Very recently, I missed an important event to one of my closest friends. And let me just be honest; I’ve missed a lot of important events. Not intentionally, but none of that matters to the one who’s upset that you didn’t make it…again! I’ve beat myself up about it, and it doesn’t get any easier, cause every missed event reminds me just how much I suck at being a friend.
Now that you know how terrible of a friend I am, let me state my case. I figure, since you too, are a woman in ministry, maybe you can better relate to my struggle. I don’t make excuses for my lack of attendance or participation, but I have to be honest about where I am in this season of my life. So much has changed with in the last 5 years.
When I finally surrendered to the call of pastoring on my life, I had no idea of the type of demands, responsibilities or sacrifices it would require of me and from me. I realize that everyone doesn’t have my struggle, but starting a church from ground zero is not easy. One because, you’re building, while others have already built and are enjoying the luxuries of having everything and everyone in place.
I’ve found that when you’re in a building season, it requires a lot of attention, commitment and sacrifices. For me, being a pastor who doesn’t have everything in place yet, I don’t have the freedoms and flexibilities that I had before saying Yes to God! I don’t get to wake up on Sunday mornings and say, “I don’t feel like going to church today.” No, I have to go even if I don’t feel like it. I don’t get to take many weekend trips out of town that would require me to miss Sundays from church. And one of the hardest realities is—I don’t get to go to all the fun and important events that family and friends are having, at the same time, something is going on within the church. This of course, leaves me feeling like an awful person, and on the other hand, makes a lot of people disappointed and upset with me, which adds another whole stack of weights on my shoulders.
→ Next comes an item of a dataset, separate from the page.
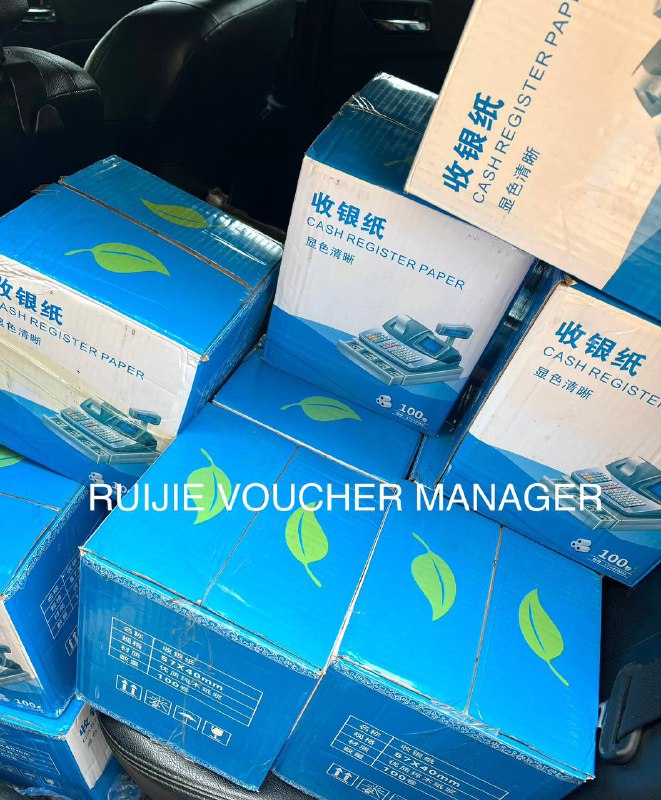 Ruijie Voucher Print တဲ့ Printer တွေအတွက်စက္ကူလိပ်ဝယ်တဲ့အခါ - ကိုယ်ကအသုံးများတယ်- ပြီးတော့ နယ်ဝေးလို့ ပစ္စည်းတစ်ခါ တစ်ခါမှာရတာ    ခက်တယ်ဆိုရင်တော့စက္ကူလိပ်ဖာလိုက် ဝယ်တာပိုအဆင်ပြေပါတယ်။( ၁ ဖာမှာ အလိပ် ၁၀၀ ပါပါတယ် ) ဈေးနှုန်းကလည်း ၁ ဖာမှ ၁၂၀၀၀၀ ပဲရှိပါတယ်။ #ruijieVoucherManager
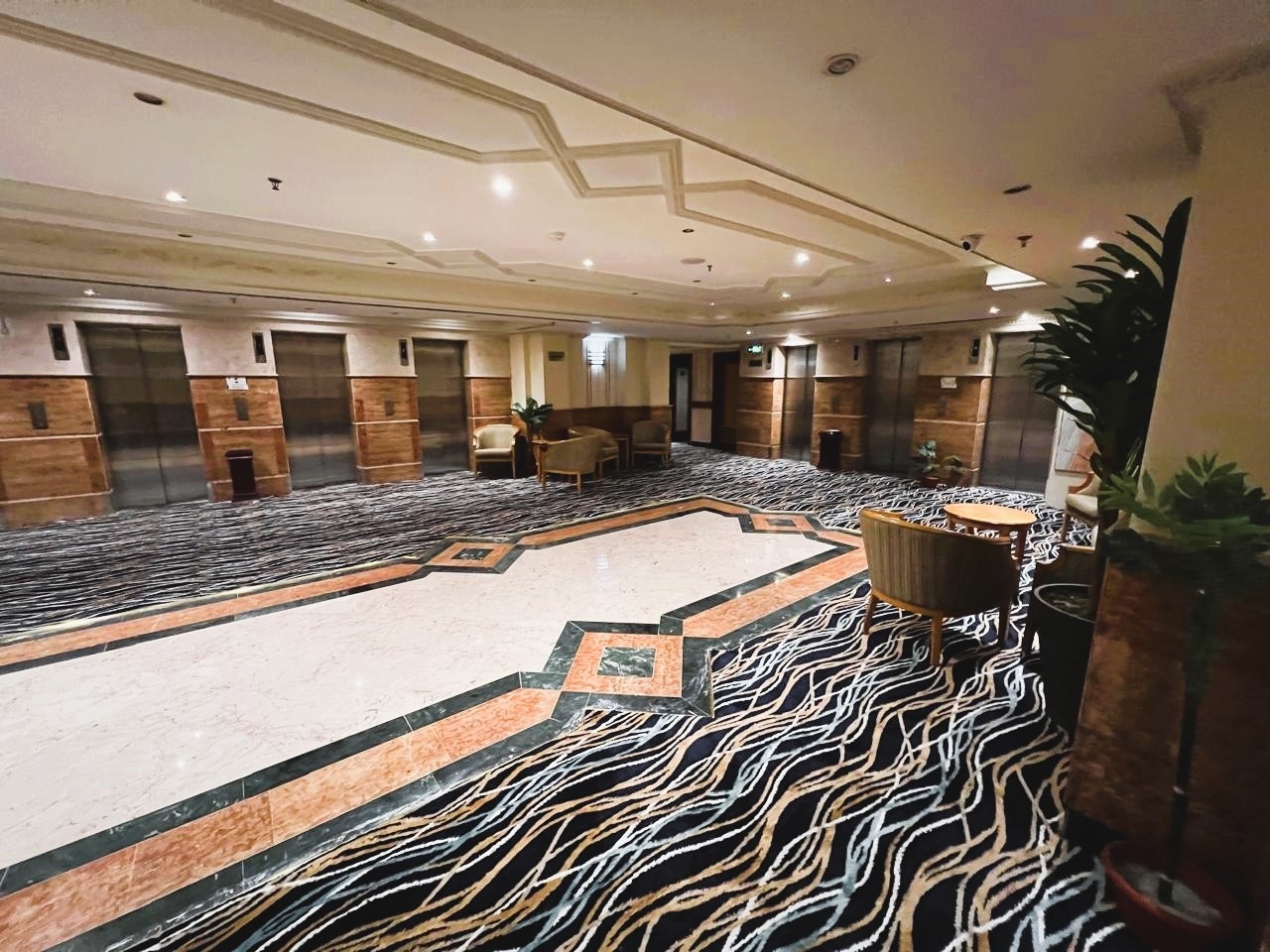 The hotel's lobby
It would be so much easier, if everybody in your life or circle could really see your heart and the struggles you deal with internally, when it comes to choosing your calling and your assignment first. Even though it hurts, I’m learning to accept some real truths about myself and my situation. Here’s a couple…
These are my truths-
1. I am not as available as I use to be. I have way more responsibilities and a lot of people demanding my time and attention.
2. My memory is not long term. I will not remember events, birthdays and other important dates without an invite to post up somewhere, and/or seeing it on a calendar. If someone tells me something in passing, more than likely I’m going to forget.
3. I’m just one person. Can’t do it all. Can’t be everywhere.
4. I’m tired of apologizing. (This was just a venting moment. Read it and forget I said it).
Learning how to balance life and ministry is definitely a challenge, but today is not about balance. Today I want to let you know that just because others think you’re wrong or even yourself, for not showing up, you’re not always wrong. As a matter of fact, I want to show you in the word, where you’re probably more right than wrong. It just doesn’t always feel good.
Luke 9: 57-62 NKJV
57 Now it happened as they journeyed on the road, that someone said to Him, “Lord, I will follow You wherever You go.”58 And Jesus said to him, “Foxes have holes and birds of the air have nests, but the Son of Man has nowhere to lay His head.”59 Then He said to another, “Follow Me.” But he said, “Lord, let me first go and bury my father.” 60 Jesus said to him, “Let the dead bury their own dead, but you go and preach the kingdom of God.” 61 And another also said, “Lord, I will follow You, but let me first go and bid them farewell who are at my house.” 62 But Jesus said to him, “No one, having put his hand to the plow, and looking back, is fit for the kingdom of God.”
Here’s what I’m learning more and more, as I walk this journey…
1. The call of God on your life really does cost. Not just money, but sometimes time, family, friends, and rest, just to name a few.
2. Sometimes choosing to follow God will cause you to miss important events with family, friends and others. It’s not on purpose, but it’s your purpose, and others may not understand it, and can I just be honest…sometimes I don’t either. It doesn’t always feel good to be judged by others who have no idea the internal struggles you are already battling, trying to just be obedient to the call of God on your life. There’s a quote that says, “Don’t judge me until you’ve walked in my shoes or lived a day in my life.”
3. Sometimes the call of God will literally make you say “good-bye” to some people. There will be people that you will have to let go, in order to move forward. Your life and theirs are going in two different directions and where you’re going, everybody can’t go and truthfully, don’t want to go.
So ladies…there’s my story; my truth. I’m sure we can use help with balancing life and ministry and I will definitely try harder to be available when I can, but when I can’t, I can’t and I have to be OK with the choice I made to follow Christ.
I pray that my truth has encouraged those of you who struggle with not always being available for others because your ministry and calling requires your full attention and commitment. You’re not heartless. You’re not insensitive or unsupportive. This season of ministry is just a little more demanding of your time and attention. If no one else understands, know that I do.